* Entries shown *
=== Begin Enclosure ===

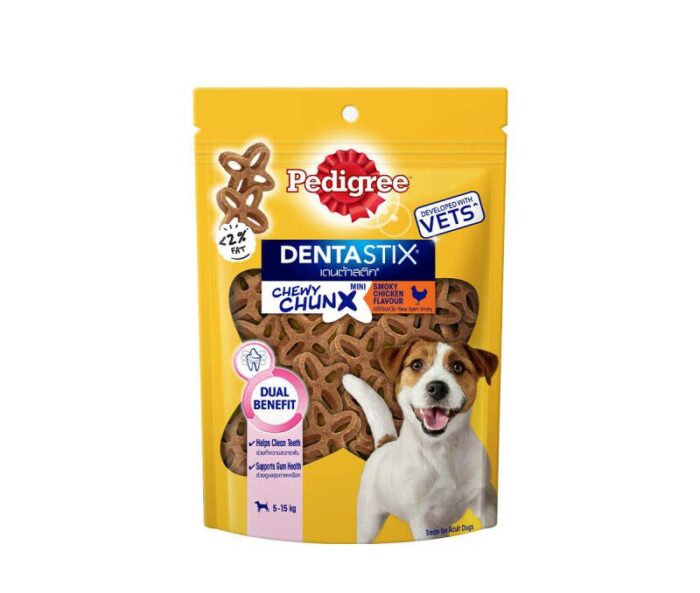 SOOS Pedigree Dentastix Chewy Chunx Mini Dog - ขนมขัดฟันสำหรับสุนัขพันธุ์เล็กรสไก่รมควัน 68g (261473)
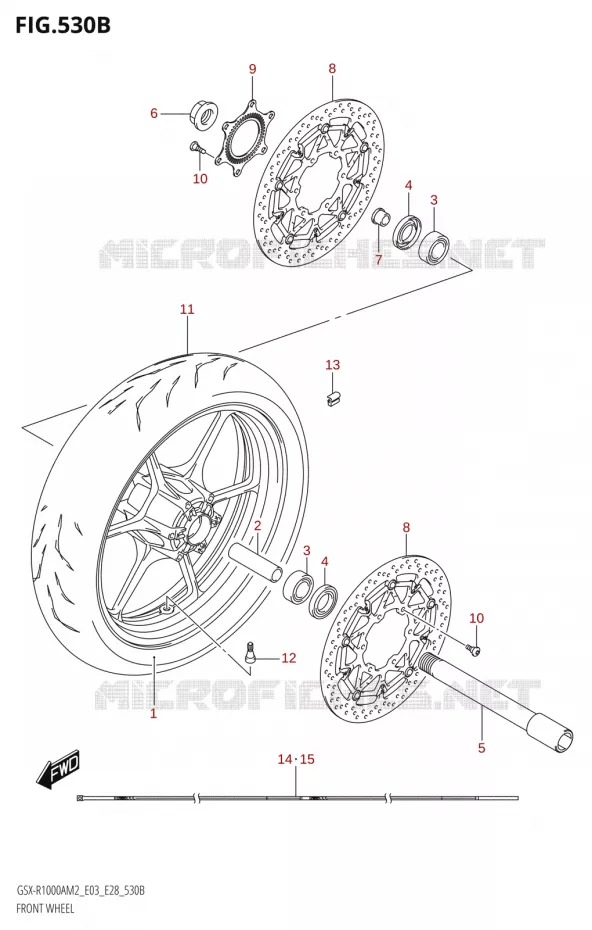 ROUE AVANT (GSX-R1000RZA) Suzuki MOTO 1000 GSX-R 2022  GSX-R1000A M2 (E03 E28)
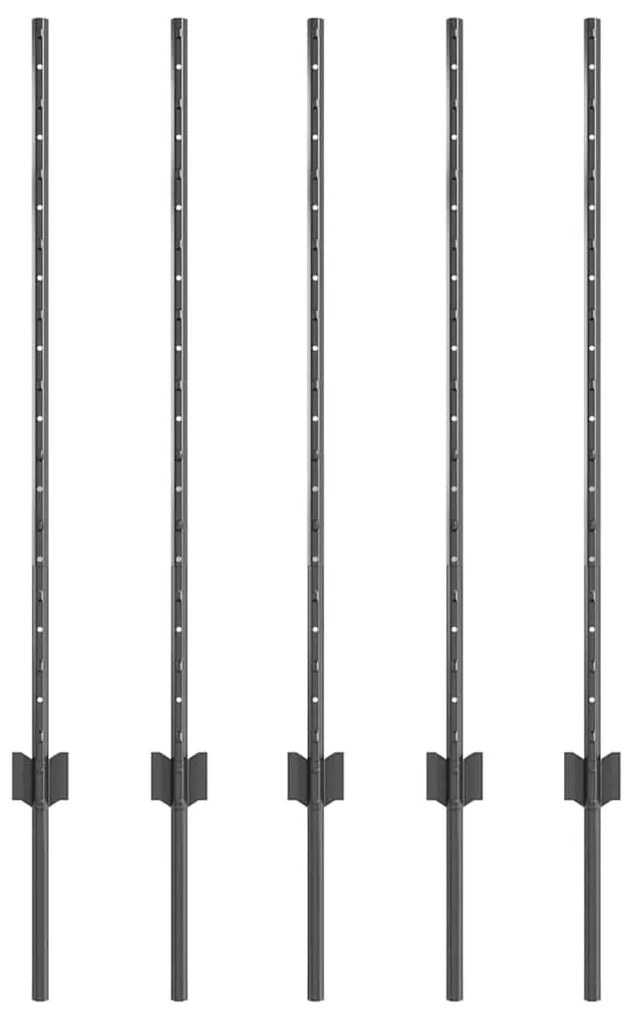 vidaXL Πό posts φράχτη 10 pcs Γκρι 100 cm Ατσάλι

=== End Enclosure ===
=== Begin Enclosure ===

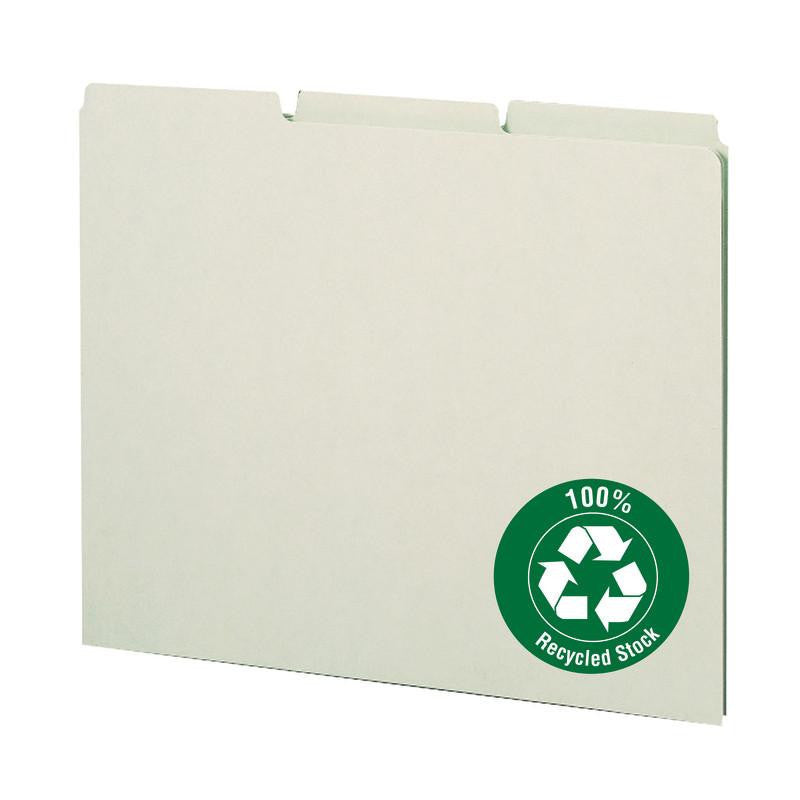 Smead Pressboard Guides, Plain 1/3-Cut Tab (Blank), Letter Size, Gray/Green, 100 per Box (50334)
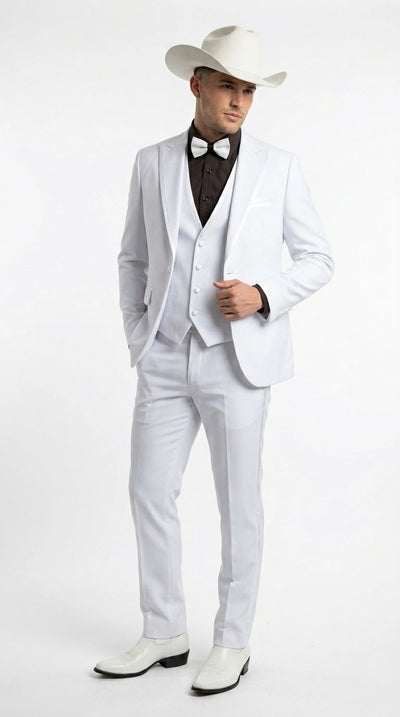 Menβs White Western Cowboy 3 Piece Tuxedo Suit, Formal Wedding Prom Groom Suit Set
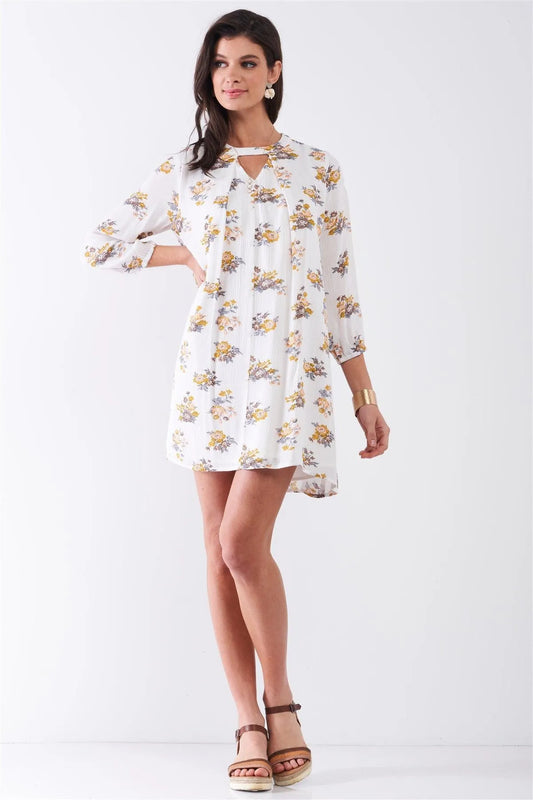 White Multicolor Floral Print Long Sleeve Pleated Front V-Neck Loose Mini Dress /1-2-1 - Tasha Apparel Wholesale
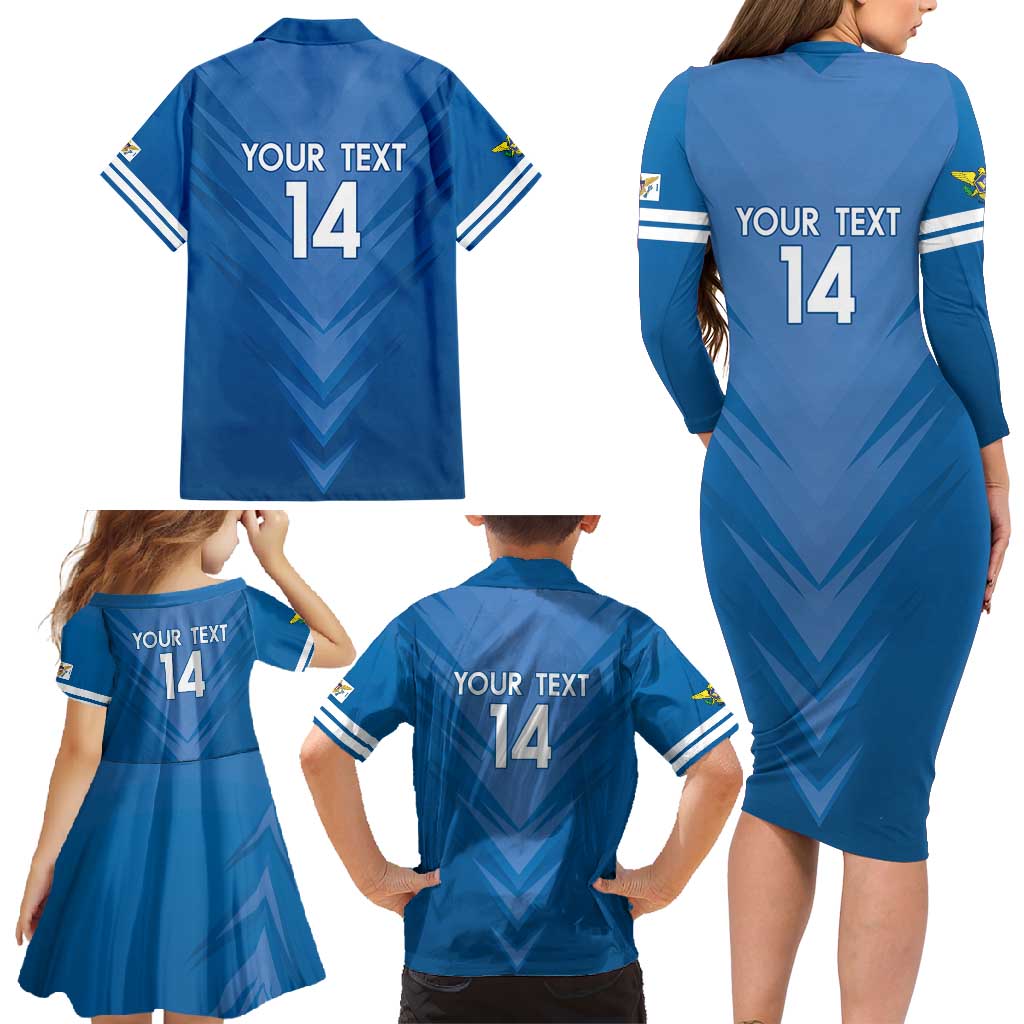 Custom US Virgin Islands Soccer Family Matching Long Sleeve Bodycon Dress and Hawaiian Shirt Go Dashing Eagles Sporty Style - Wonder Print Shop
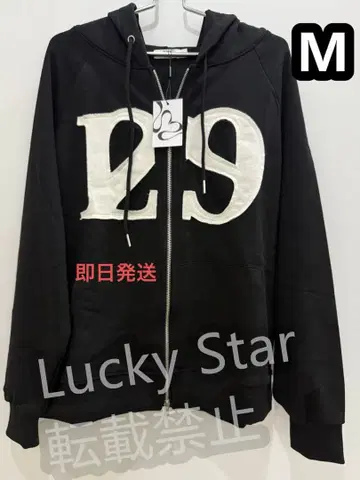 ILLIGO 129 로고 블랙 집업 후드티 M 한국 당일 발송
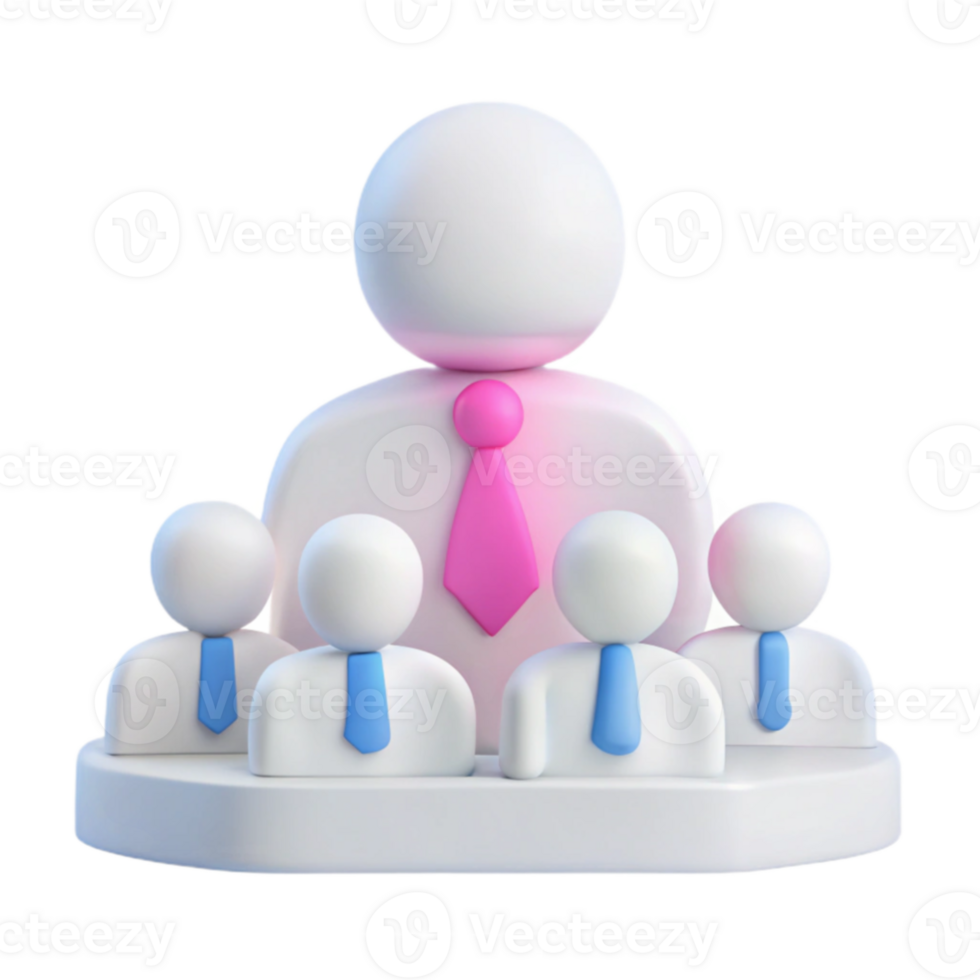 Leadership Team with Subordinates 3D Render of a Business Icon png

=== End Enclosure ===
=== Begin Enclosure ===

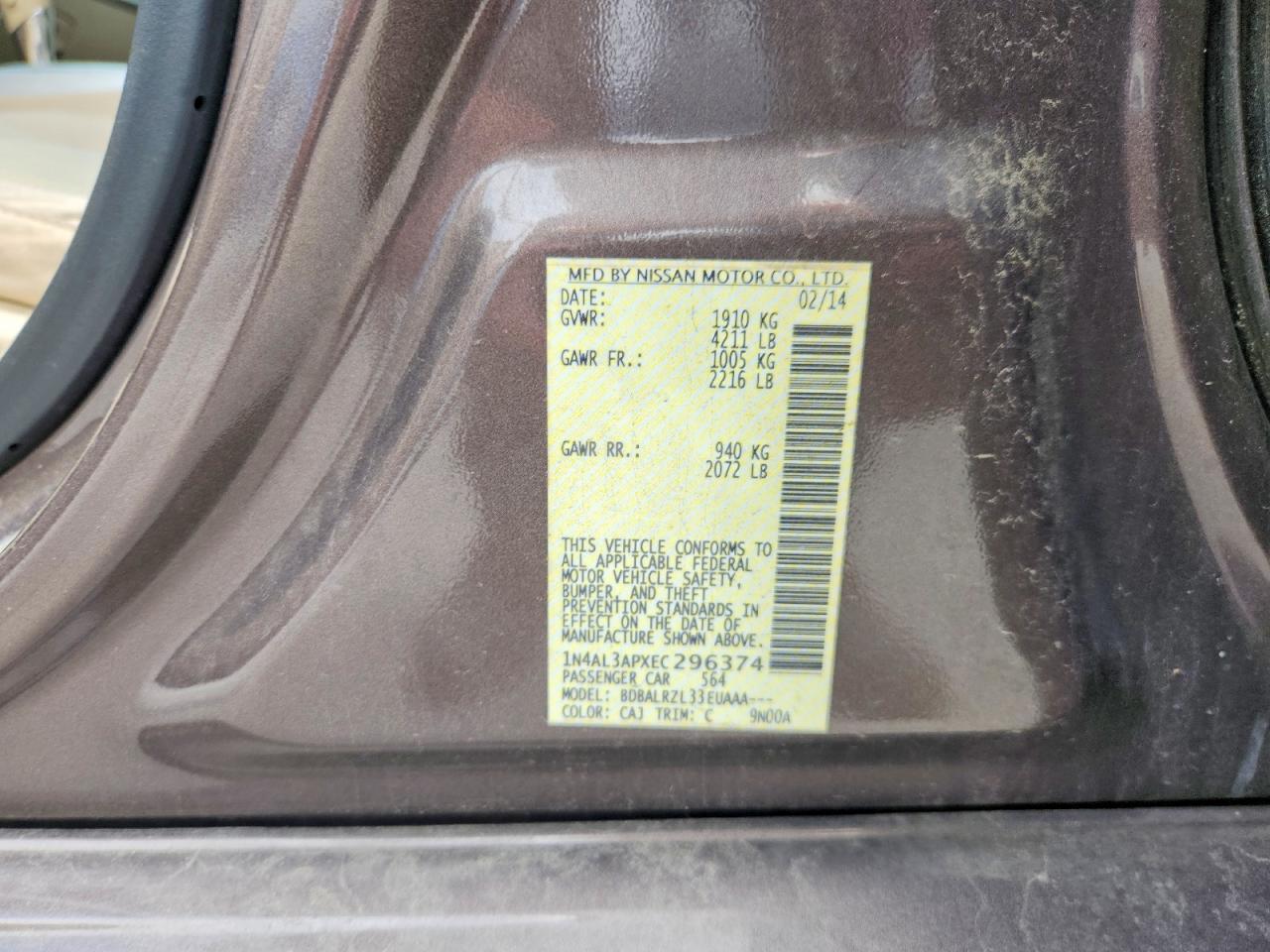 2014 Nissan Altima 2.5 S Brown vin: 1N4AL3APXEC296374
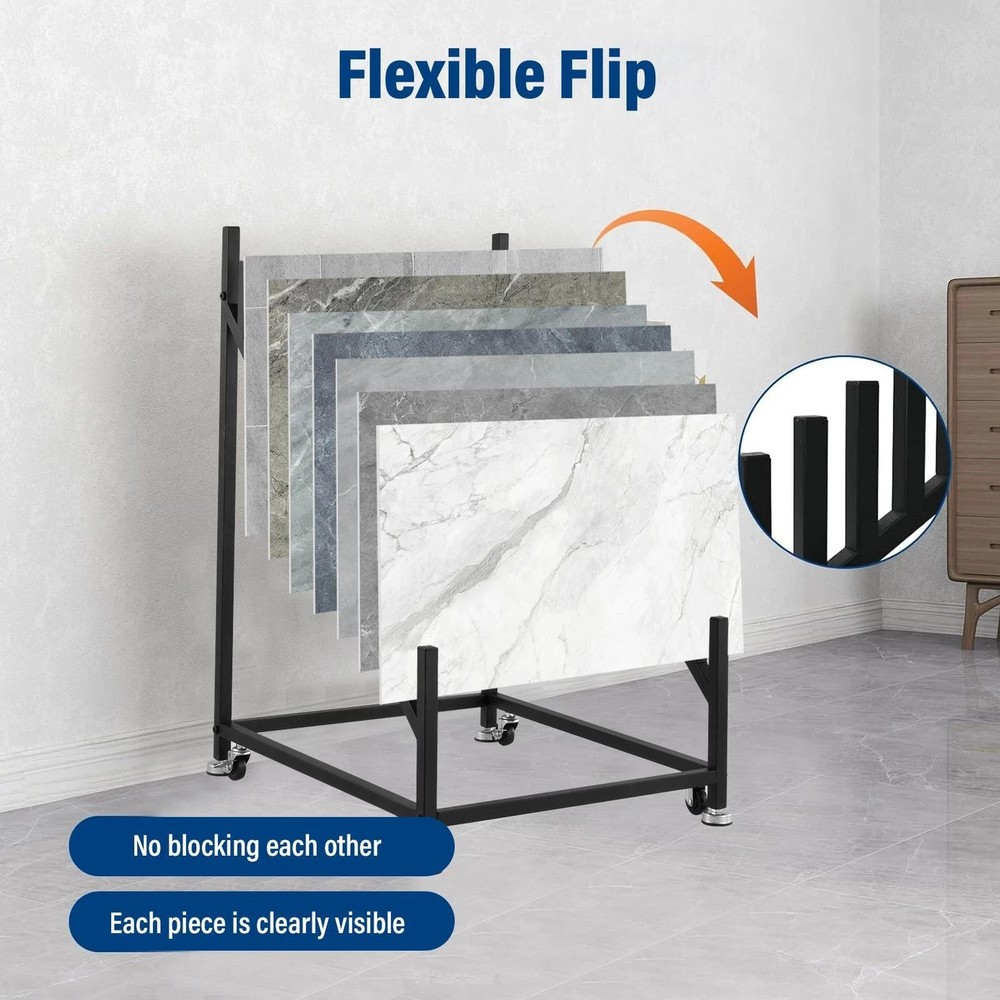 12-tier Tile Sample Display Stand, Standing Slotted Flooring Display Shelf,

=== End Enclosure ===

Could the stretch from the line with "SOOS Pedigree Dentastix" through the line with "vidaXL Πό posts" in the listing above be restated word for word, minus the pictures?

* Answer section *
 SOOS Pedigree Dentastix Chewy Chunx Mini Dog - ขนมขัดฟันสำหรับสุนัขพันธุ์เล็กรสไก่รมควัน 68g (261473)
 ROUE AVANT (GSX-R1000RZA) Suzuki MOTO 1000 GSX-R 2022  GSX-R1000A M2 (E03 E28)
 vidaXL Πό posts φράχτη 10 pcs Γκρι 100 cm Ατσάλι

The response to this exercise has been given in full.